*Exercise objective*:
The required output is the exact run of lines from the one that contains "Volvo L180E Gumikerekes homlokrakodók" to the end of the data, with every picture left out.

--------------------------------------------------

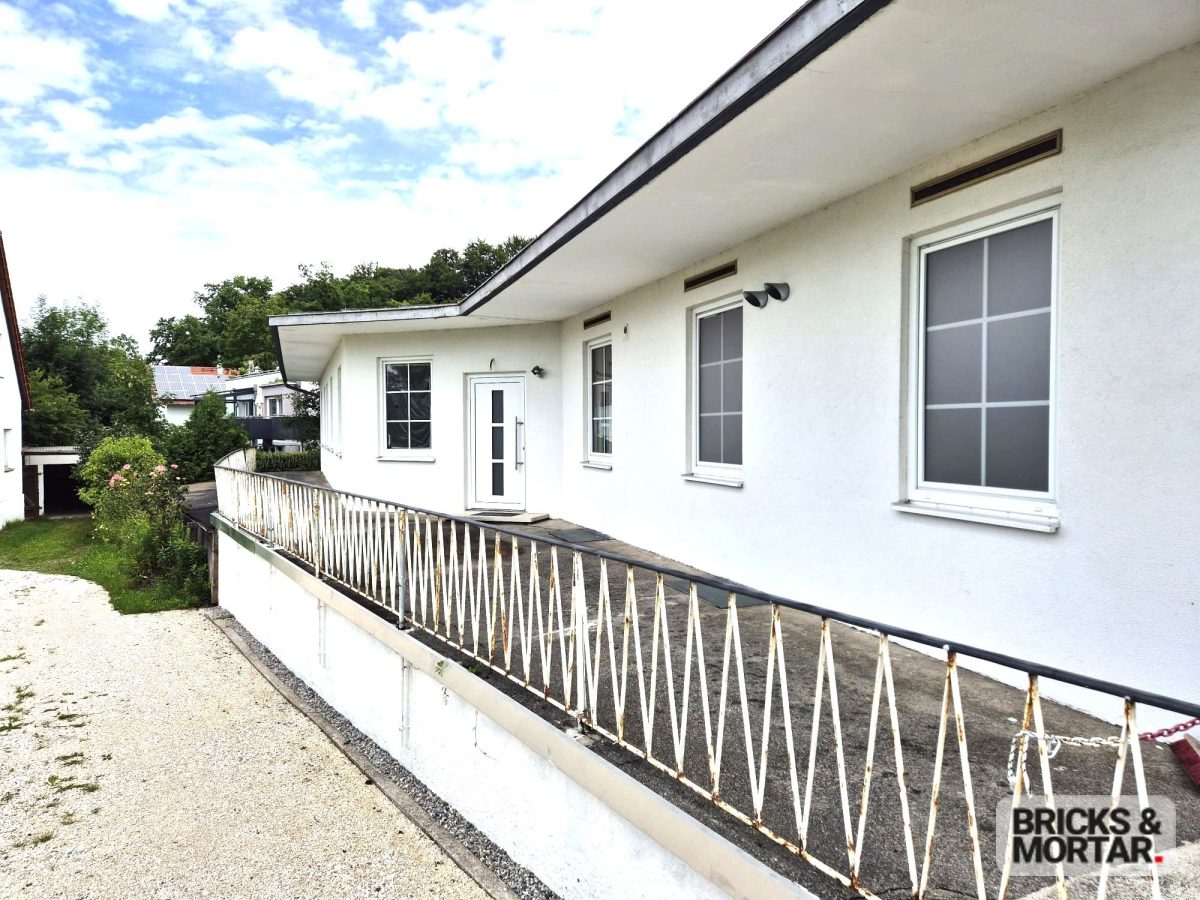 Immobilienangebot - Altenmarkt an der Alz - Alle - ***Individuell wohnen auf 112,5m² – Umbaufähiges Objekt mit Terrasse & Stellplätzen***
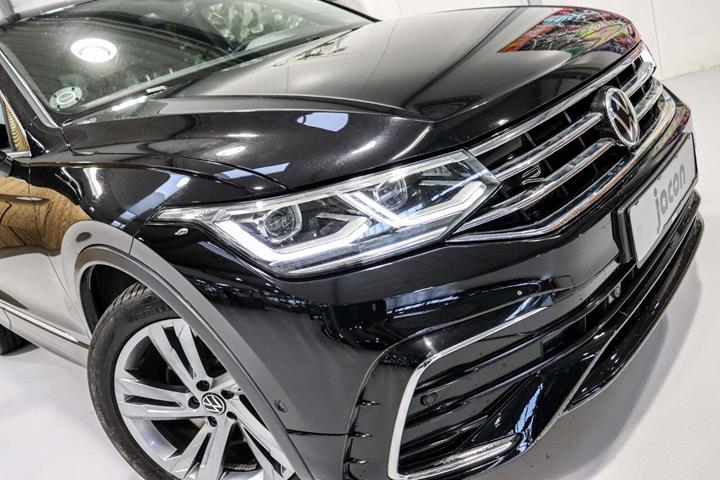 Sort VW Tiguan fra 2021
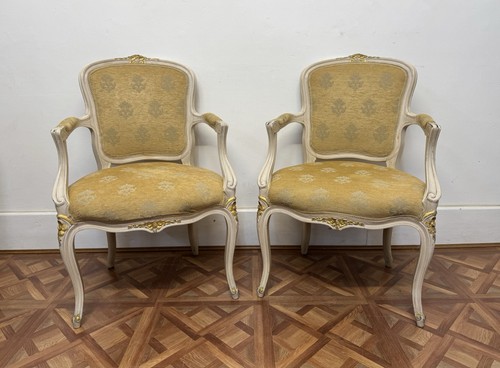 Pair vintage french - of, style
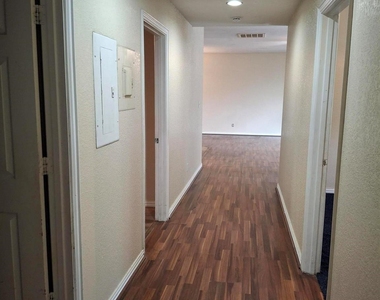 5203 Bexar Street - Photo Thumbnail 4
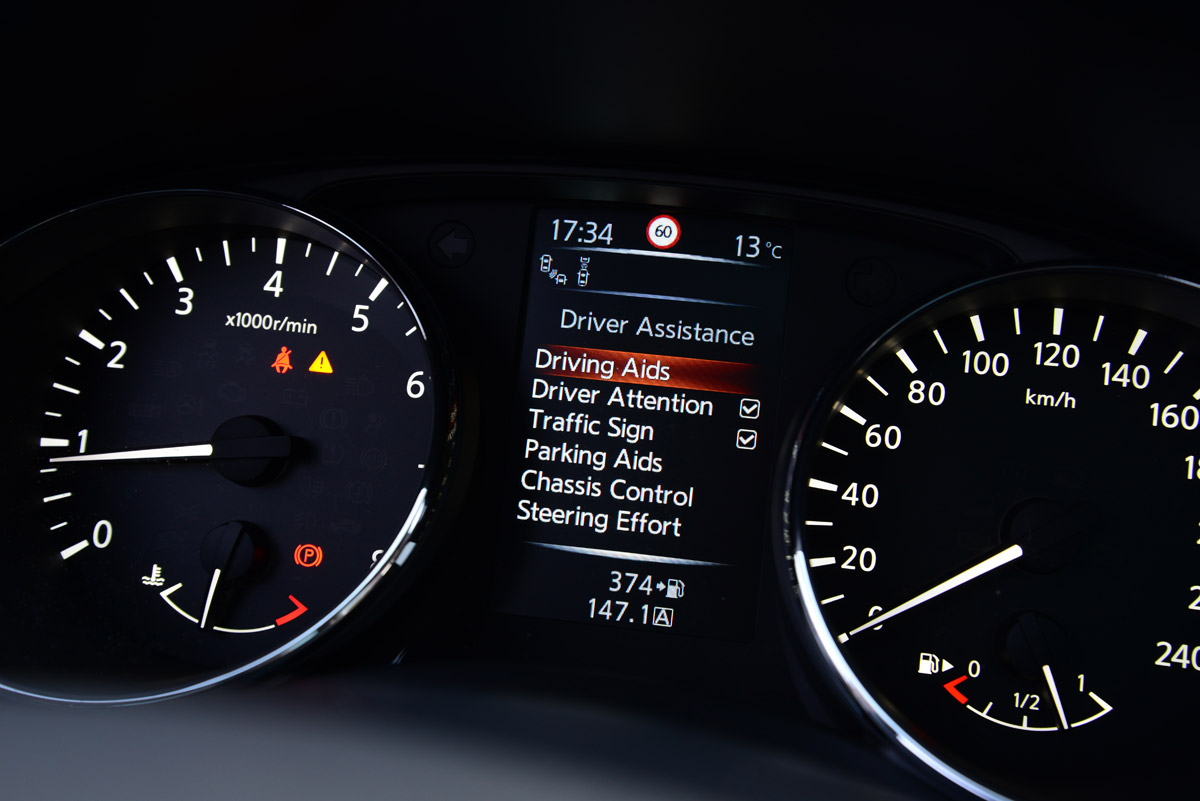 Nissan Qashqai Tekna 2014 dials
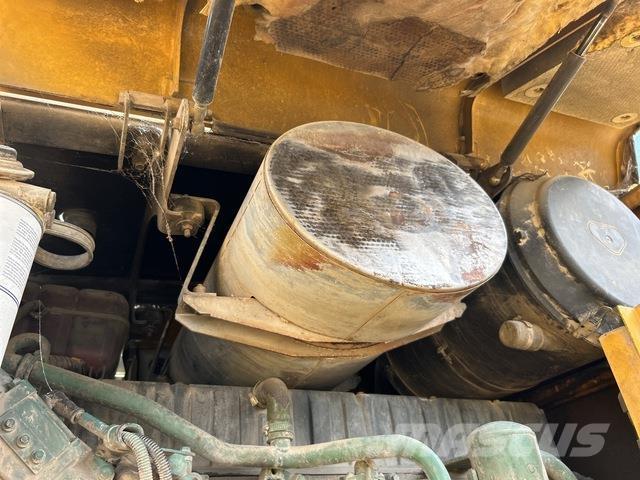 Volvo L180E Gumikerekes homlokrakodók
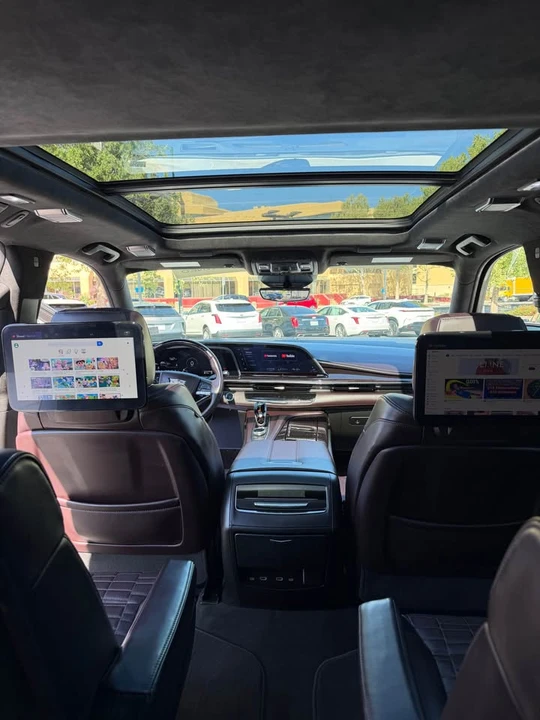 2023 Cadillac Escalade 5th Gen - Image 16 of 19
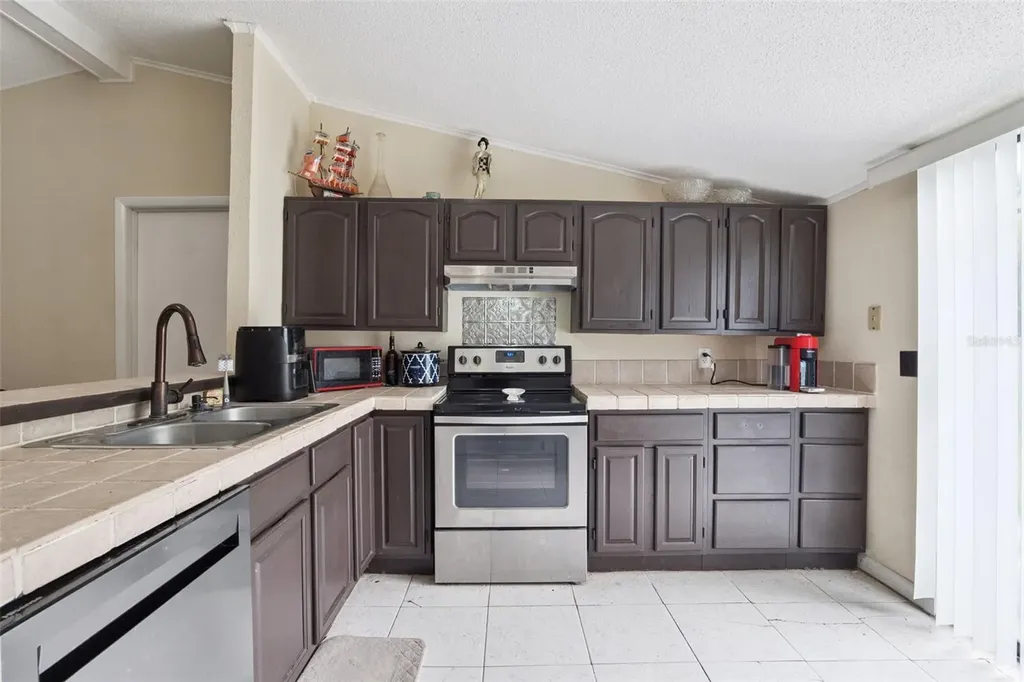 25 W Thrush Street Apopka FL 32712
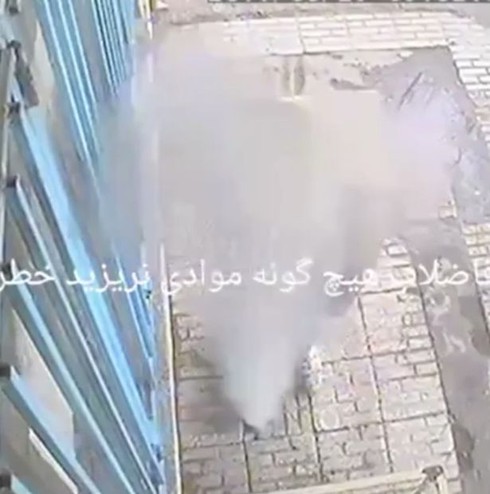 Xem video vỉa hè nổ tung vì một mẩu thuốc lá - ảnh 2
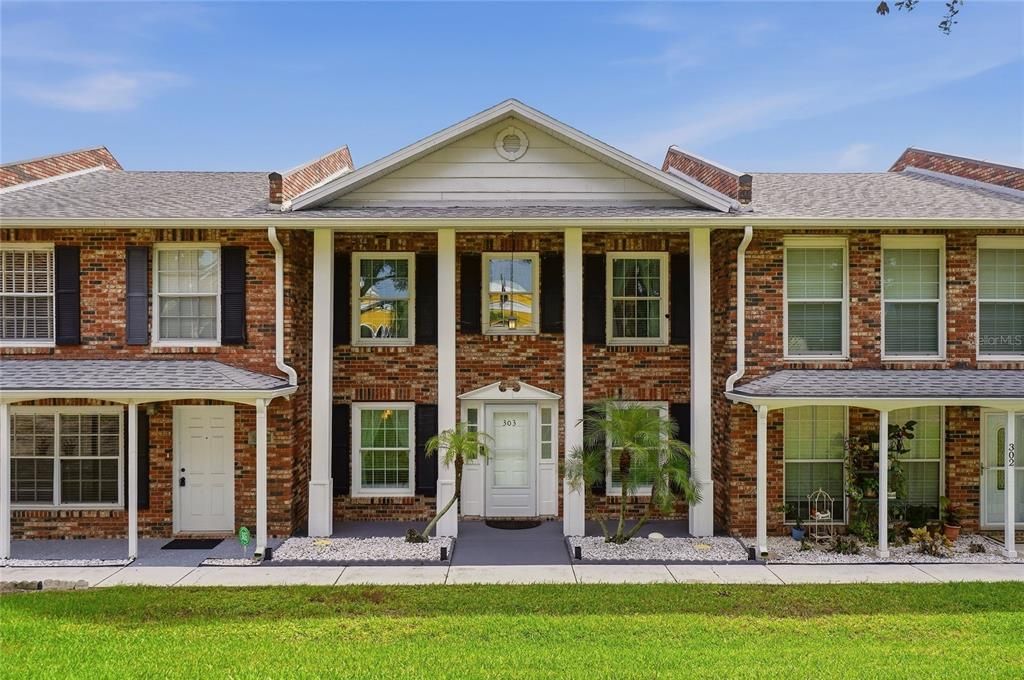 For Sale: $179,000 (3 beds, 2 baths, 1584 Square Feet)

--------------------------------------------------

*Task output*:
 Volvo L180E Gumikerekes homlokrakodók
 2023 Cadillac Escalade 5th Gen - Image 16 of 19
 25 W Thrush Street Apopka FL 32712
 Xem video vỉa hè nổ tung vì một mẩu thuốc lá - ảnh 2
 For Sale: $179,000 (3 beds, 2 baths, 1584 Square Feet)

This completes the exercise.